Mussini, assistito dall’avvocato del foro di Piacenza, Massimo Brigati, è ritenuto parte di una presunta associazione per delinquere finalizzata alla commissione di reati fiscali internazionali, attraverso una galassia di società cartiere. Tutto sarebbe ruotato intorno alla società di telefonia Area Spa (oggi Area Srl in amministrazione giudiziaria) con sede in via Degani, a Reggio Emilia. Secondo l’accusa, rappresentata dal pubblico ministero della procura europea, Giordano Baggio, Mussini avrebbe gestito l’operatività delle cosiddette “società filtro”: realtà interposte, nei meccanismi di frode più articolati, allo scopo di creare uno schermo giuridico tra la società cartiera (ossia quella che emette fatture per operazioni inesistenti) e la società che effettivamente acquista la merce.

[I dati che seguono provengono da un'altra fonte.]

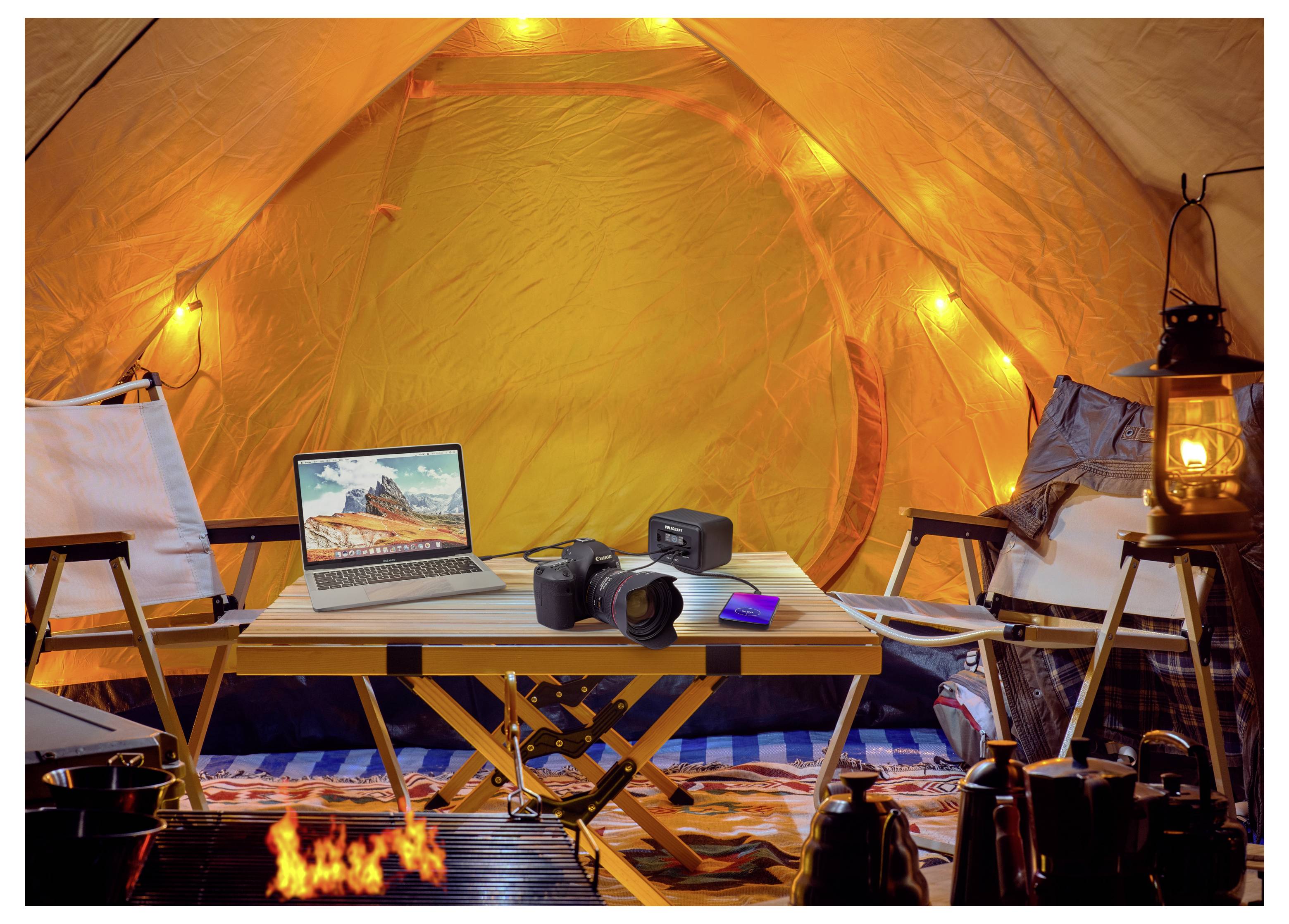 Intérieur d'une tente de camping chaleureusement éclairé avec un ordinateur portable, un appareil photo, un sac à dos, des chaises, des lanternes et un petit feu devant un espace de table aménagé.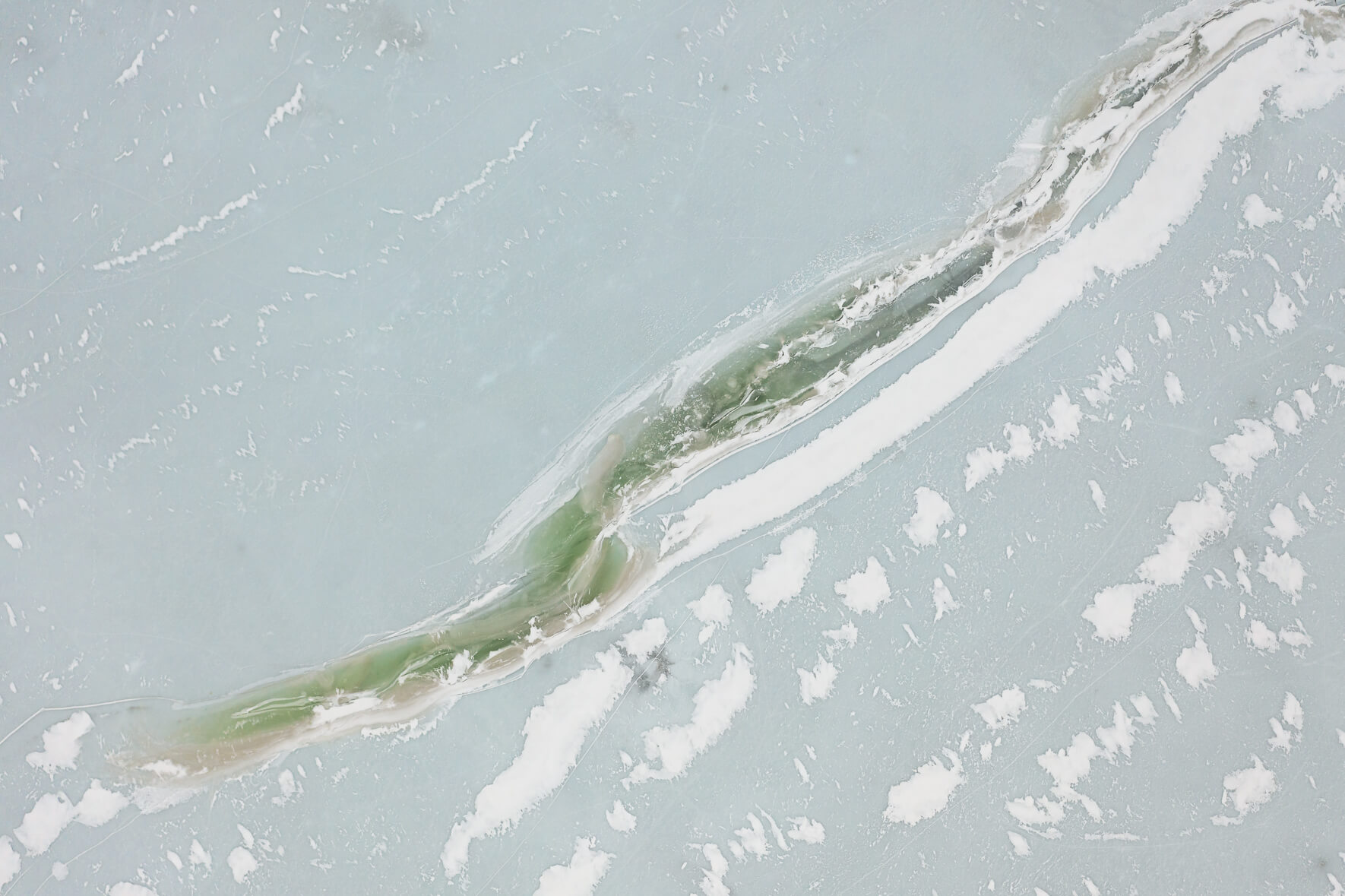 Aerial view of ice of a frozen lake in Norway with a greenish tint due to algae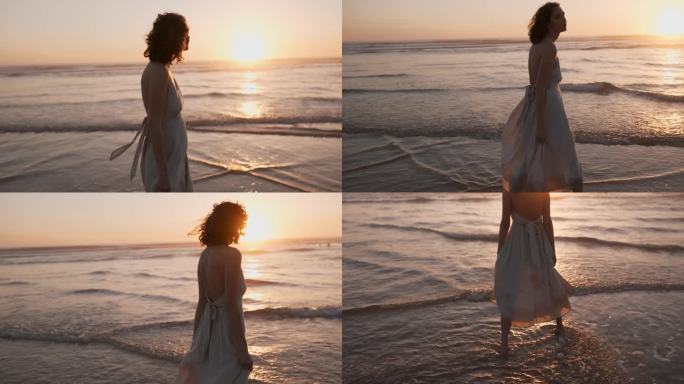 日落时分，一位美丽的年轻女子走在海边。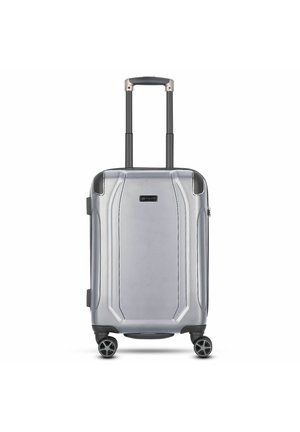 Silver hard-shell carry-on suitcase with a textured surface, dual-rolling wheels, and an extendable handle. Notable design lines on the body.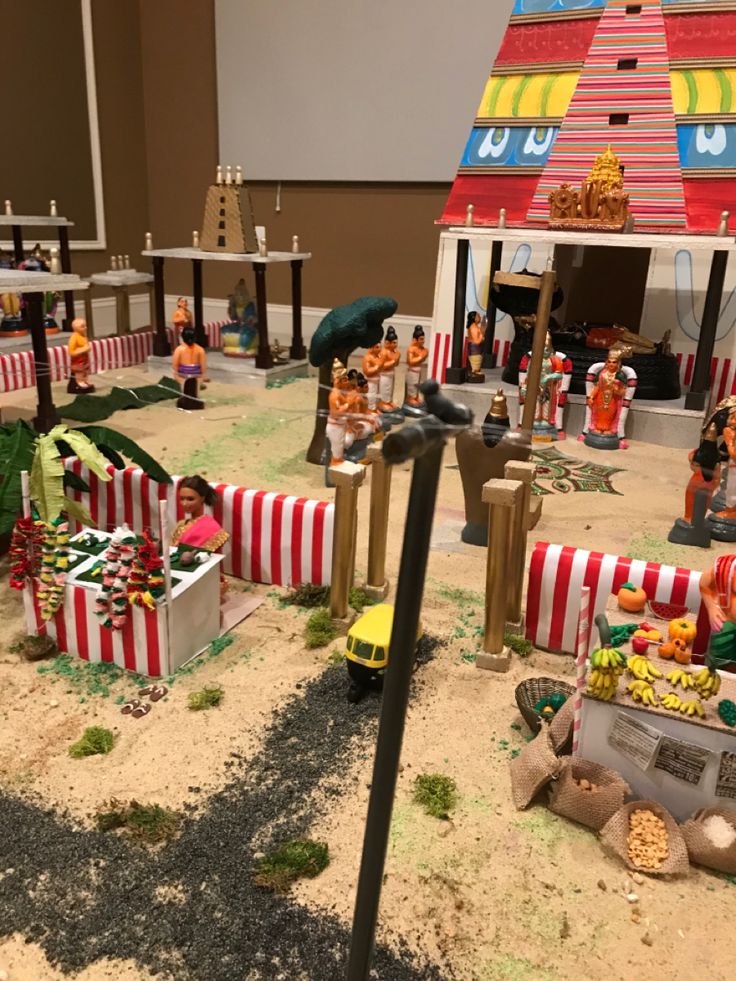 a toy train set is shown in the middle of a play area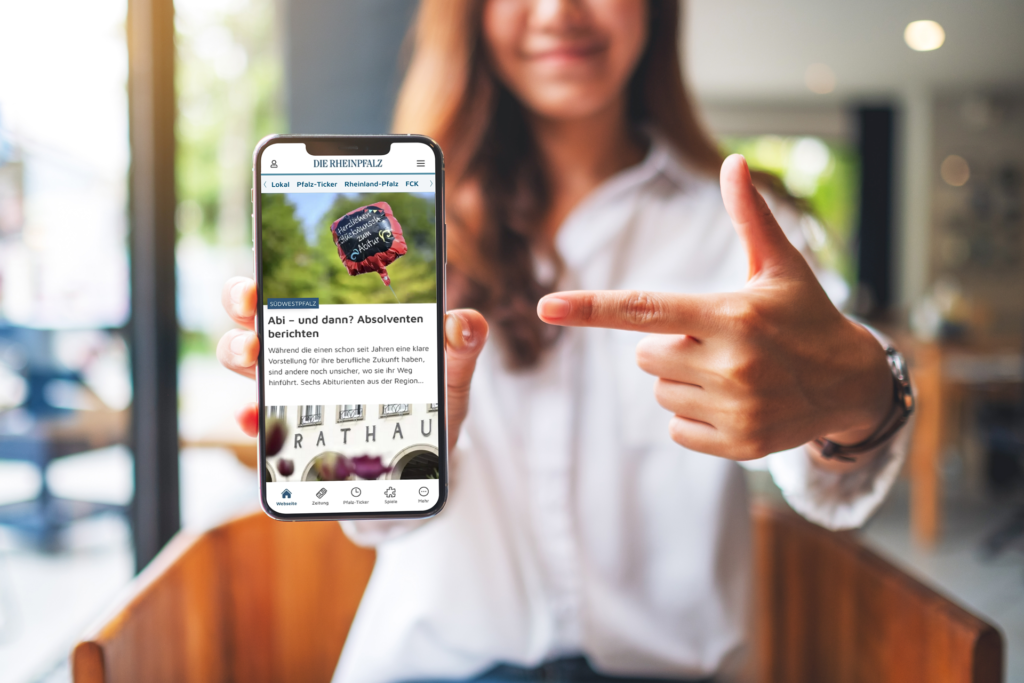 Eine junge Frau zeigt auf ihr Smartphone, dessen Display sie in den Fokus der Kamera hält. Auf dem Smartphone ist die Startseite der RHEINPFALZ-App zu sehen.
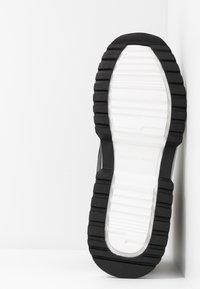 Černá gumová podrážka s bílými akcenty, texturovanými hřebeny a hladkou střední oblastí. Na spodní straně je logo značky.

Questa mattina, per i due indagati, si è concluso a Latina – dove è incardinato il processo – il rito abbreviato: a fronte di richieste dell’accusa di 5 anni per Mussini e 3 per Pisapia, il Gup Mara Mattioli ha condannato il primo a 6 anni e il secondo a 3 anni e 4 mesi. “Al mio assistito – le parole del legale di Mussini, Brigati – era stato attribuito dall’accusa un ruolo apicale in questa vicenda. Peccato che la stessa accusa abbia più volte rimarcato il fatto che Mussini, da dipendente, agisse dietro direttive del vice presidente di questa società”. A influire nella pena comminatagli anche l’aggravante della transnazionalità del reato: “Qui – ha aggiunto l’avvocato Brigati – mancano addirittura le basi giuridiche, che prevedono infatti l’esistenza di un gruppo criminale all’estero con cui entrare in affari. In questa vicenda non abbiamo nulla di tutto ciò”.
Ora, dovranno passare i canonici 90 giorni prima che le motivazioni della sentenza vengano rese pubbliche, “ma è molto probabile che faremo ricorso in Corte d’Appello contro la pronuncia del giudice”, ha concluso Brigati.